6. Blue Ridge Parkway
This 469-mile-long road stretching through North Carolina and Virginia follows the spine of the Blue Ridge Mountains. Funded in large part by the WPA, workers from the CCC helped landscape the roadway and adjacent areas. Although the road opened to traffic in 1935, the final stretch of highway wasn’t finished until 1987.
5. Lincoln Tunnel
Long before Boston’s Big Dig and the Channel Tunnel connecting England and France set new standards for tunnels, the Lincoln Tunnel was in a class of its own. The 1.5-mile tunnel beneath the Hudson River connecting New Jersey and Manhattan actually consists of three separate tubes. Although construction began in 1934 with $85 million in PWA funding, and the first tube opened to traffic in 1937, the final tube was not finished until 1957. Remarkably, it was the first major tunnel project completed without a fatality. Today nearly 42 million vehicles use the tunnel each year.
4. Overseas Highway
Connecting Miami to Key West, the 127.5-mile-long Overseas Highway opened to traffic in 1938. It follows an old railroad track originally built in 1912 and along the way passes 42 bridges and plenty of great scenery.

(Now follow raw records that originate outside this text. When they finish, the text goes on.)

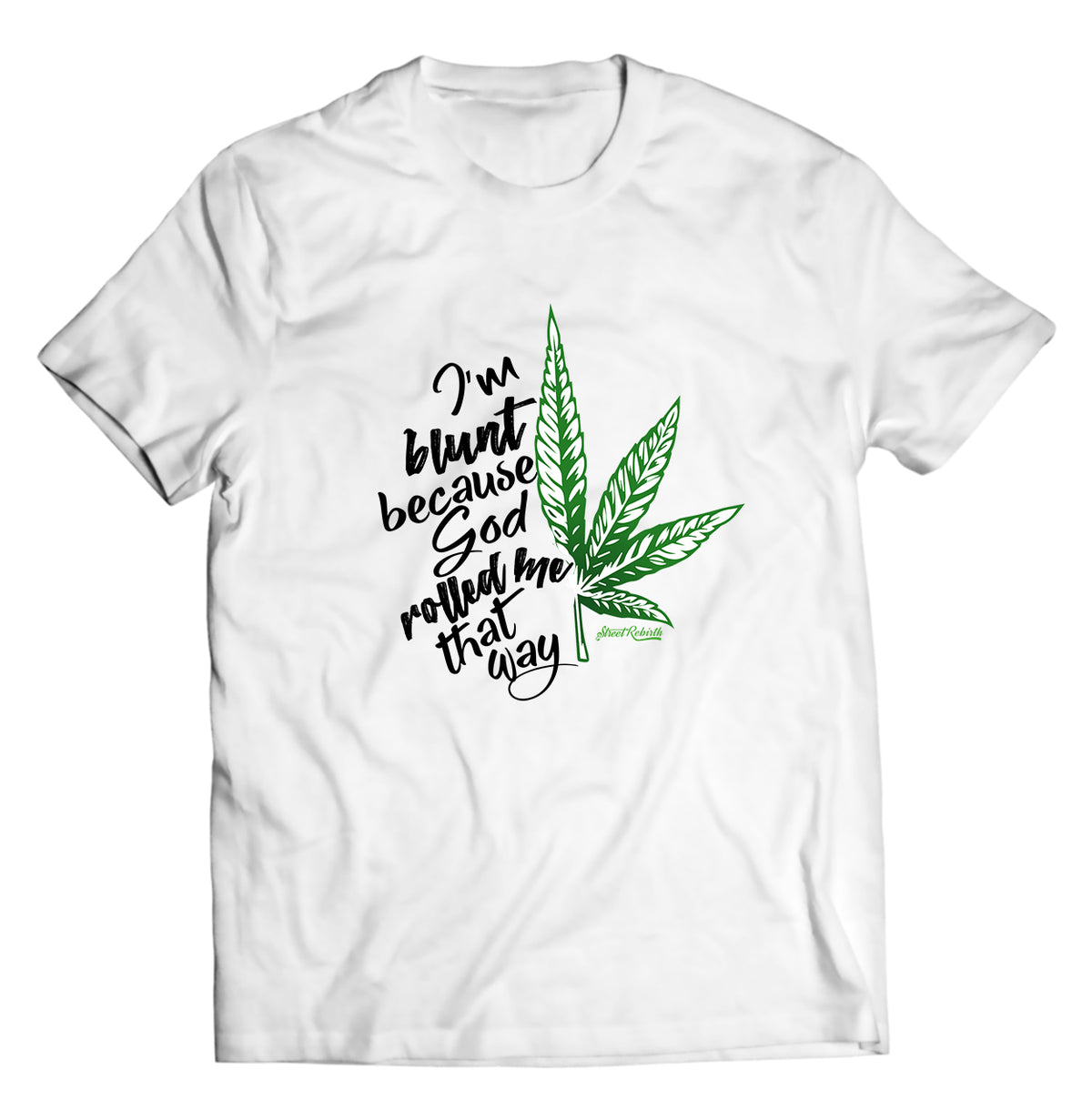 I&#39;m Blunt Because God Rolled Me That Way Shirt - Direct To Garment Quality Print - Unisex Shirt - Gift For Him or Her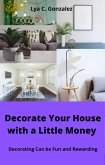 Decorate Your House Whit Little Money Decorating Can be Fun and Rewarding (eBook, ePUB)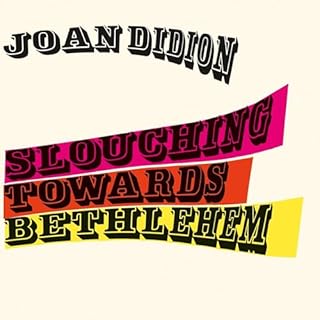 Slouching Towards Bethlehem Audiolibro Por Joan Didion arte de portada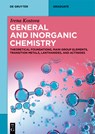 General and Inorganic Chemistry: Theoretical Foundations, Main Group Elements, Transition Metals, Lanthanides, and Actinides - Irena Kostova - 9783111712222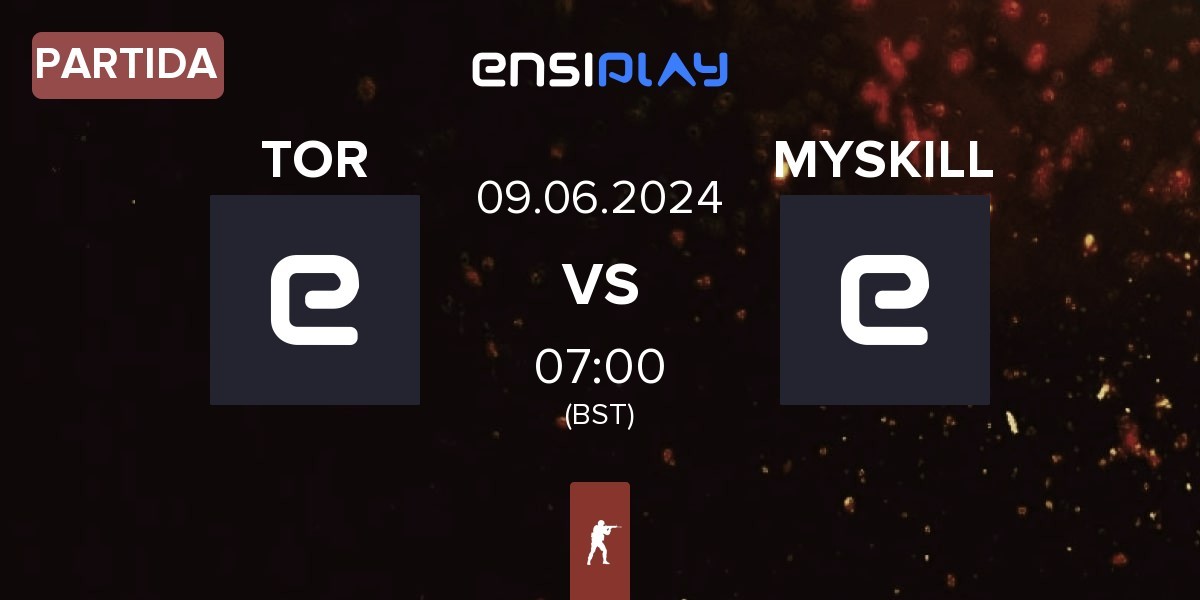 Partida TOR vs MYSKILL | 09.06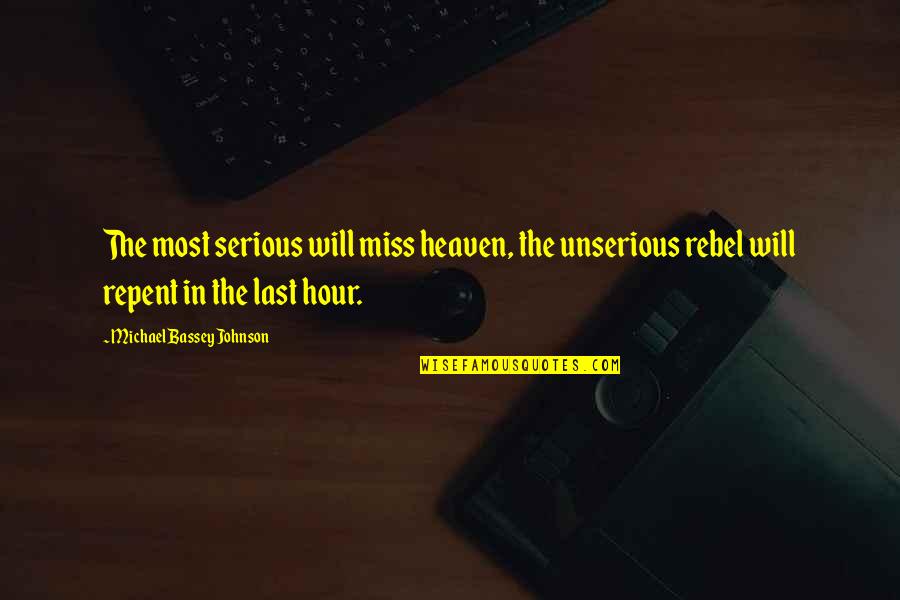 Alan Seeger Quotes By Michael Bassey Johnson: The most serious will miss heaven, the unserious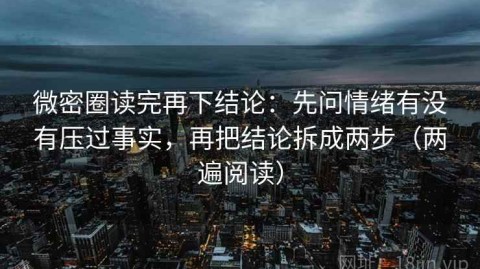 微密圈读完再下结论：先问情绪有没有压过事实，再把结论拆成两步（两遍阅读）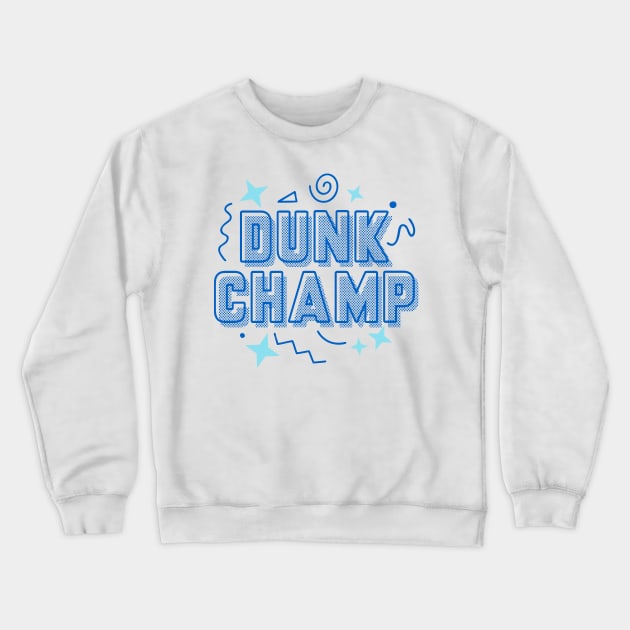 Dunk Champs Argon Blue Crewneck Sweatshirt by funandgames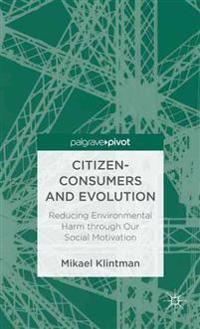 Citizen-Consumers and Evolution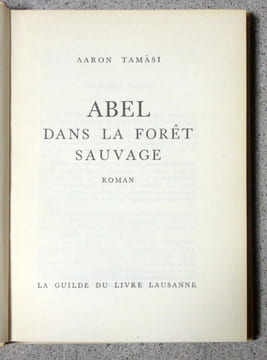 Abel dans la forêt sauvage. . Tamasi Aaron:
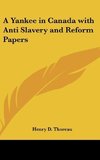 A Yankee in Canada with Anti Slavery and Reform Papers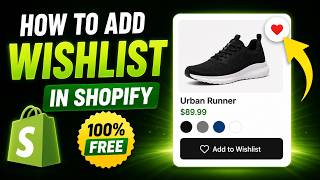How To Add Wishlist In Shopify | Step-by-Step Tutorial (100% FREE)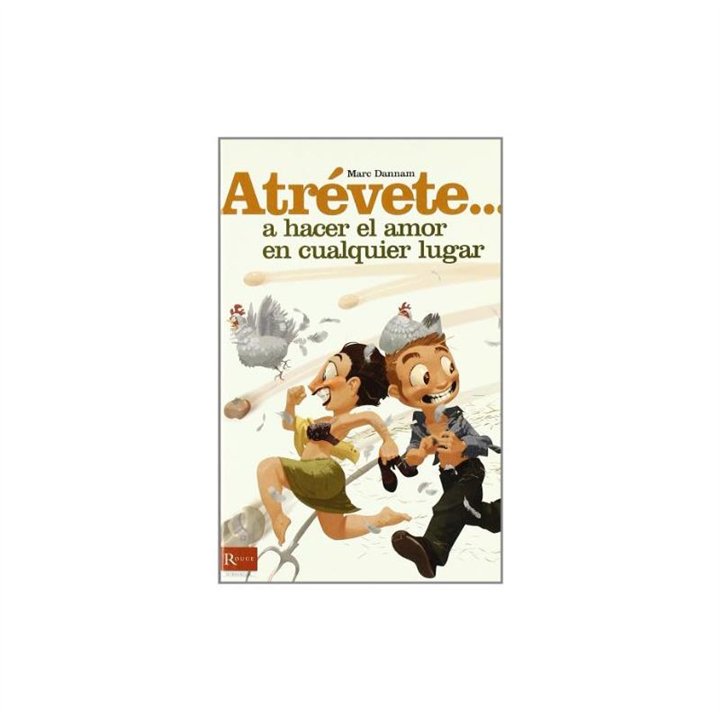 Book Dare... To Make Love Anywhere - 9788479278502 - Teknashop Ltd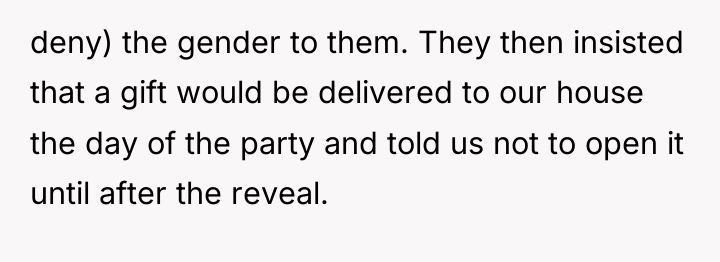 deny) the gender to them. They then insisted that a...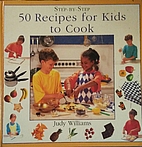 50 Recipes for Kids to Cook (Step-By-Step…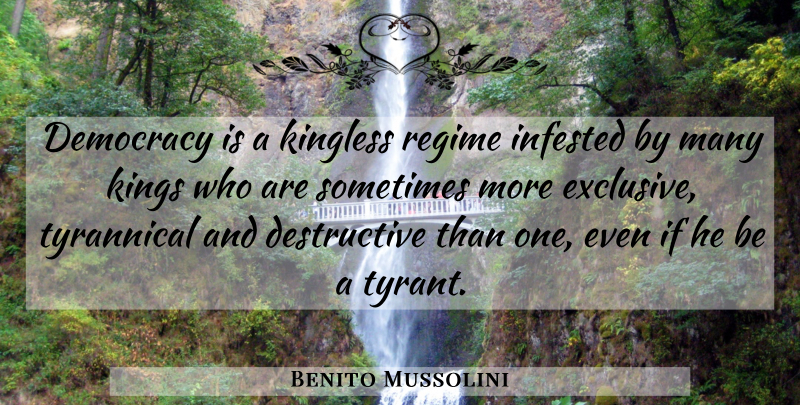 Benito Mussolini Quote About Kings, Tyrants, Democracy: Democracy Is A Kingless Regime...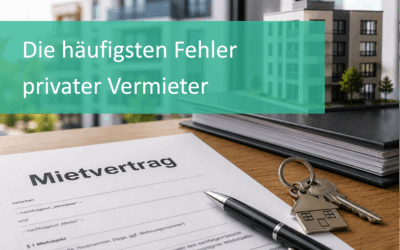 7 typische Fehler privater Vermieter: So schützt eine Hausverwaltung vor Problemen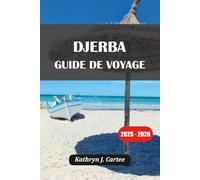DJERBA GUIDE DE VOYAGE 2025-2026: Aventure ultime et exploration culturelle dans l'île enchanteresse de la Tunisie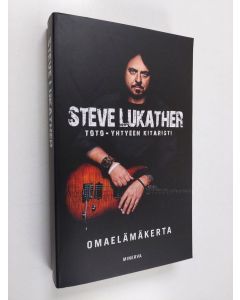 Kirjailijan Steve Lukather käytetty kirja Steve Lukather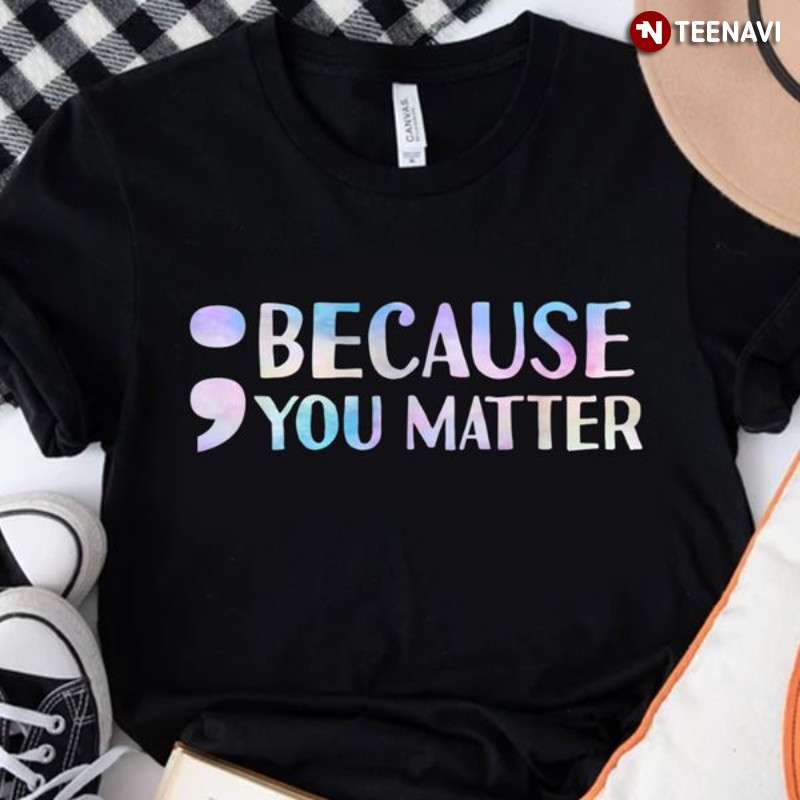 Suicide Awareness Shirt, Because You Matter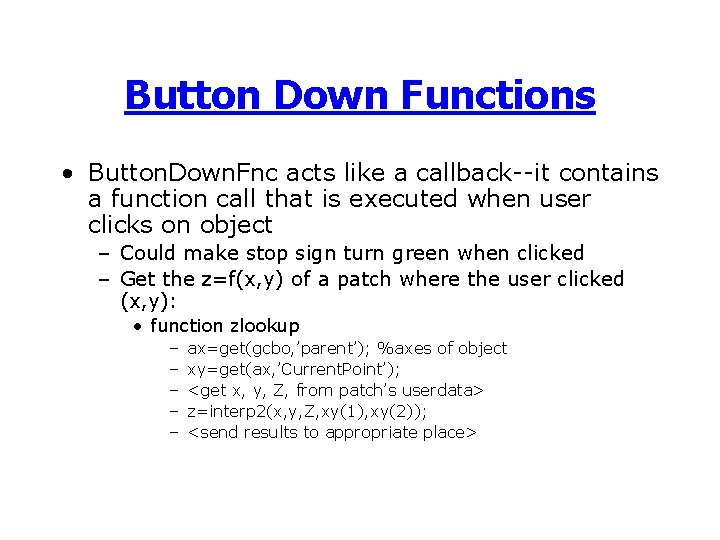 Button Down Functions • Button. Down. Fnc acts like a callback--it contains a function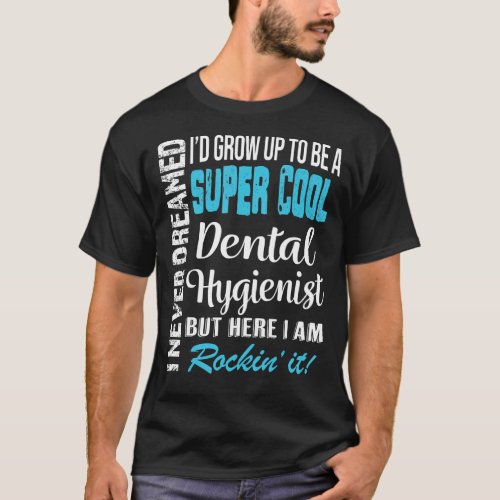 Dental Hygienist  Appreciation T_Shirt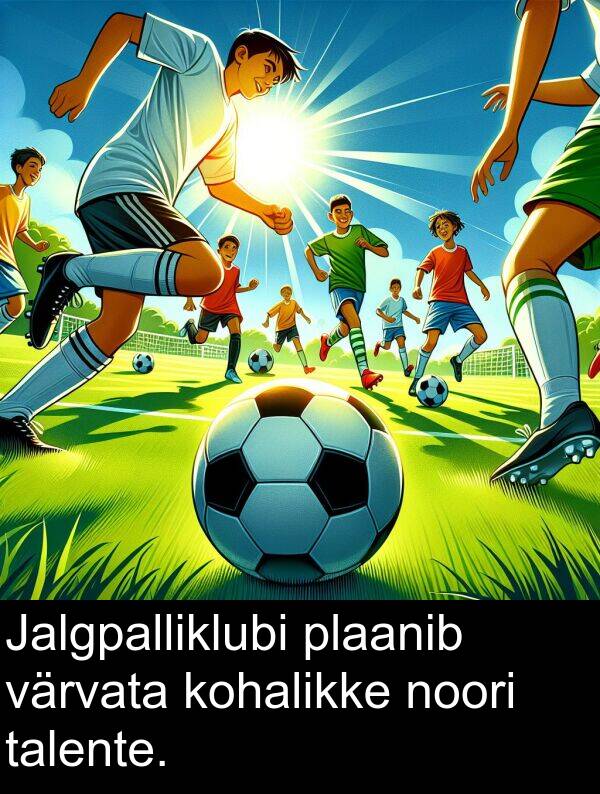 kohalikke: Jalgpalliklubi plaanib värvata kohalikke noori talente.
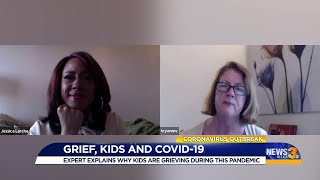 Children are feeling grief during COVID-19 pandemic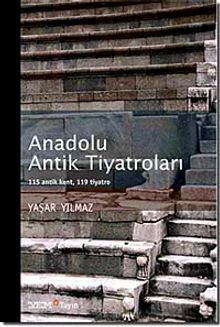 Anadolu Antik Tiyatroları & 115 Antik Kent 119 Tiyatro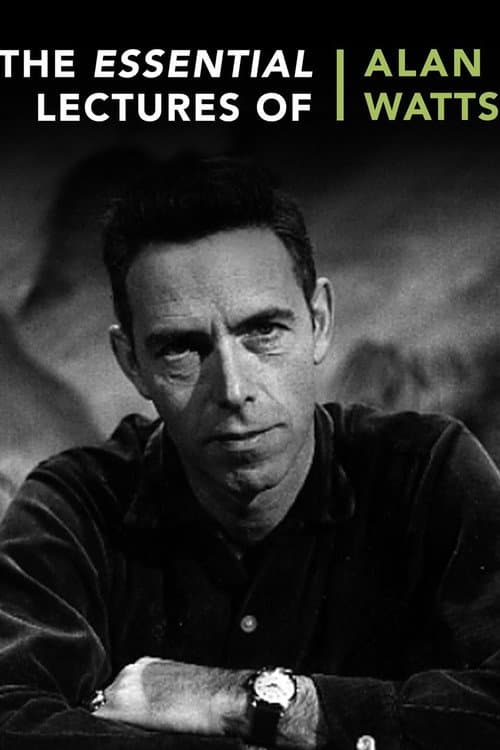 The Essential Lectures of Alan Watts (1972) - TV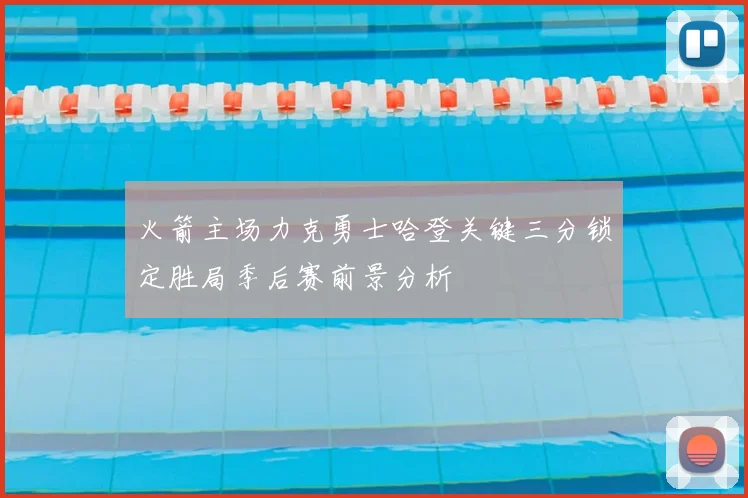 火箭主场力克勇士哈登关键三分锁定胜局季后赛前景分析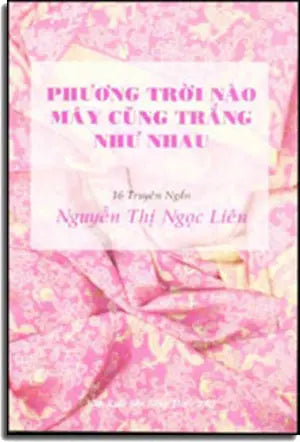 Phương Trời Nào Mây Cũng Trắng Như Nhau SONG THU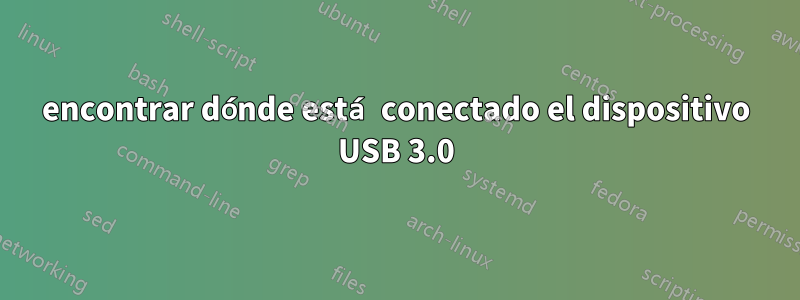 encontrar dónde está conectado el dispositivo USB 3.0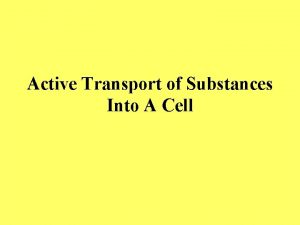Active Transport of Substances Into A Cell Active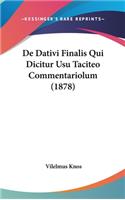 De Dativi Finalis Qui Dicitur Usu Taciteo Commentariolum (1878)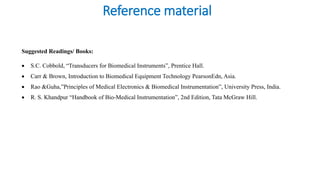Reference material
Suggested Readings/ Books:
• S.C. Cobbold, “Transducers for Biomedical Instruments”, Prentice Hall.
• Carr & Brown, Introduction to Biomedical Equipment Technology PearsonEdn, Asia.
• Rao &Guha,”Principles of Medical Electronics & Biomedical Instrumentation”, University Press, India.
• R. S. Khandpur “Handbook of Bio-Medical Instrumentation”, 2nd Edition, Tata McGraw Hill.
 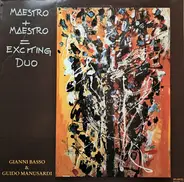 Gianni Basso & Guido Manusardi - Maestro + Maestro = Exciting Duo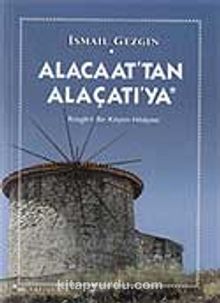 Alacaat'tan Alaçatı'ya / Rüzgarlı Bir Köyün Hikayesi kitap kapağı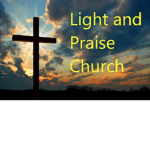 Light and Praise Church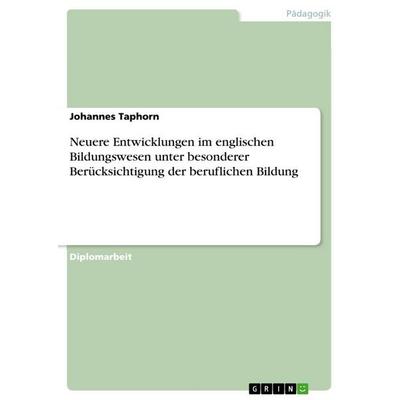 Neuere Entwicklungen im englischen Bildungswesen unter besonderer Berücksichtigung der beruflichen Bildung, Taschenbuch von Johannes Taphorn, GRIN,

3. Great Smoky Mountains National Park
It may be overshadowed by more famous parks, but Great Smoky Mountains National Park is the most-visited national park in America, hosting nearly 10 million visitors per year. To put that figure in perspective, the second-most visited park in America, Grand Canyon National Park, draws fewer than 5 million visitors each year. Covering 814 square miles of wilderness in North Carolina and Tennessee, the park was built by workers from the WPA and the CCC and dedicated in 1934. The park is one of 21 locations in the United States recognized as a UNESCO World Heritage Site, offering universal cultural significance.
2. Grand Coulee Dam
President Roosevelt backed many public works projects during the Great Depression, but he was particularly fond of the Grand Coulee Dam. Early on, FDR became enamored with the idea of harnessing the power of the Columbia River and turning arid land in eastern Washington into farmland. With $63 million in funding from the PWA, Roosevelt’s dreams become reality. Built from 1933 to 1942, the Grand Coulee is one of the largest concrete structures in the world, standing 550 feet high and stretching almost a mile in length.
1. Hoover Dam
Talk of damming the lower Colorado River began around 1900, but it took almost 30 years before the U.S. Congress finally authorized the construction of the Hoover Dam. Originally known as Boulder Dam but renamed in 1947 to honor former President Hoover, the dam cost $165 million and took five years to build. During the heart of the Great Depression, the dam employed more than 20,000 workers during its construction. One of the world’s architectural wonders even today, more than 70 years after it opened, the Dam stands 726 feet tall and is 660 feet wide at its base. Initially built to provide electricity and irrigation for Arizona, Nevada and Southern California, the Hoover Dam has become one of the world’s most famous tourist attractions, and its impound lake, Lake Mead, draws some 10 million annual visitors for recreation.